Since inception four years ago, the SEC whistleblower program has paid out over $50 million to 18 whistleblower. The biggest award to date was $30 million, issued last year. A $14 million whistleblower award was issued in 2013.
Under the program, whistleblowers that provide the regulator with original information that helps the SEC pursue a successful enforcement action are eligible for 10-30% of the money collected if the sanction exceeds $1 million. The SEC is legally bound to protect the confidentiality and identity of whistleblowers.

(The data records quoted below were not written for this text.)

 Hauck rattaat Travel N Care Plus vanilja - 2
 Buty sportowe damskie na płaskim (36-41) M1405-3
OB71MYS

According to SEC Chair Mary Jo White, in the 2014 Fiscal year, the Commissioner received over 3,600 tips. It received around 3,200 tips the previous year. This year, the Whistleblower Office saw a 20% rise in tips during the first quarter compared to last year. White says the quality of the tips has also improved.
The 2010 Dodd-Frank Act expanded the remedies and protections for retaliations against whistleblowers. Not only are employers forbidden from firing, suspending, demoting, harassing, threatening, or suspending a whistleblower from coming forward with the information, but also now a whistleblower has the right to bring an action for that retaliation, as does the SEC.

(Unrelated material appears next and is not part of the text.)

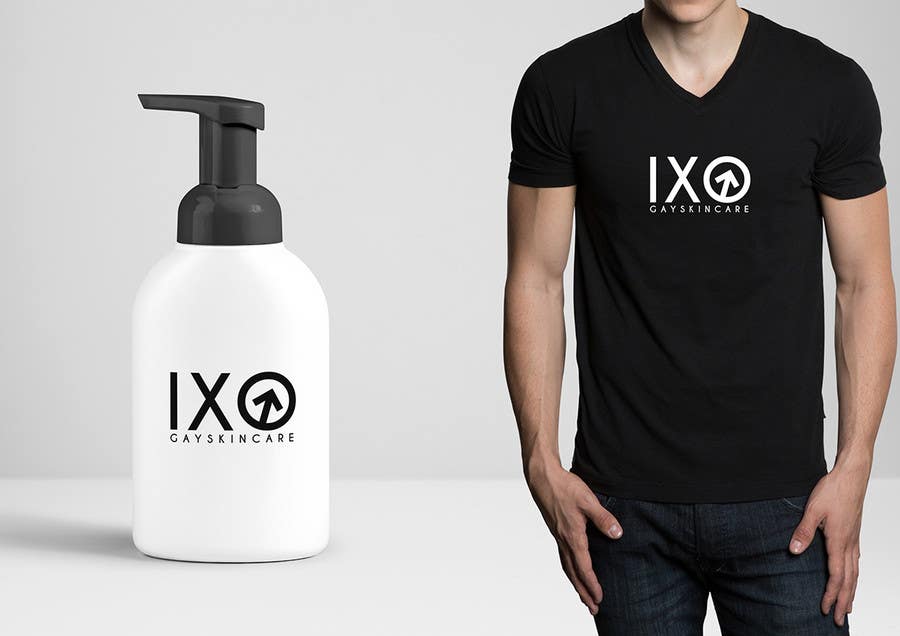 Kilpailutyö #78 kilpailussa                                                 IXO Skincare Logo Design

Last year, the SEC brought and settled its first action against a company that retaliated against a whistleblower. The hedge fund trader told the company of notifying the SEC that prohibited transactions may have taken place at the firm. The company immediately removed the individual from the position of hedge fund trader and revoked supervisory duties.
The SEC filed a case against the firm and its principal for allegedly engaging in prohibited transactions. The company was eventually ordered to pay $2 million in monetary sanctions, and the whistleblower was awarded 30% of that award—over $600,000.